Waltzing Through Heaven's Door

                                       



Velliyommi could never die. But she surprised me yesterday.


I'm searching for words and feelings as I plunge into vivid memories of my 88-year-old, forever whimsical grandmother. 

She'd been bedridden for a week and half. There is no word I detest more than "bedridden" when it comes to describing velliyommi, not because I'm the only one who does, but because she hated it even more, the very sound of it. She was the strong woman who made brisk evening walks through GCDA colony. She was the woman who loved food and colourful saris. She was the woman who could enjoy a dirty joke with me and laugh like a non-judgemental teenager. 

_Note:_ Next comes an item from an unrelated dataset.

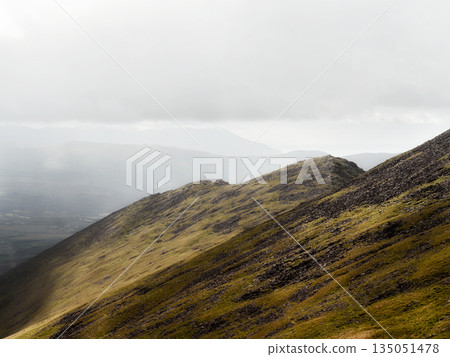 A steep mountain slope covered in grass and rocks ascends into a white sky. 135051478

Last week at home, as I was changing her diapers with Appa, she held my hand with her right arm and waved the other, telling Appa in a hazy tone, "She's the one who can take care of me." And I quietly smiled, knowing how she always held a liking for me, partly because I took a lot after her, partly because I was a wishful thinker as her. In her late 80s, she was still up for adventures and all ears for scandalous stories. I don't know how someone gets to be so cheerful at an age where one's health and sanity begins to give way, but velliyommi sure was a peppy grandmother. Anyway, we changed her into fresh new clothes and I dabbed a little Yardley powder on her face and neck. Oh, how she loved the smell of it! "It's like breathing life into me," she'd say. Anyone who knows velliyommi knows her obsession with fragrances. Her space never looked like the characteristic old-lady room with syrup bottles, spittoons, half-stripped tablets, towels or porridge plates. No. Instead, her shelf, which she made sure was at arm's reach, was lined with her favourite lotions, talcum powder, a comb, a Bible, her glasses and dentures, and the table opposite her bed held tins of snacks, gloves, wipes and an extra bottle of water. She liked it that way. And so she had it that way. 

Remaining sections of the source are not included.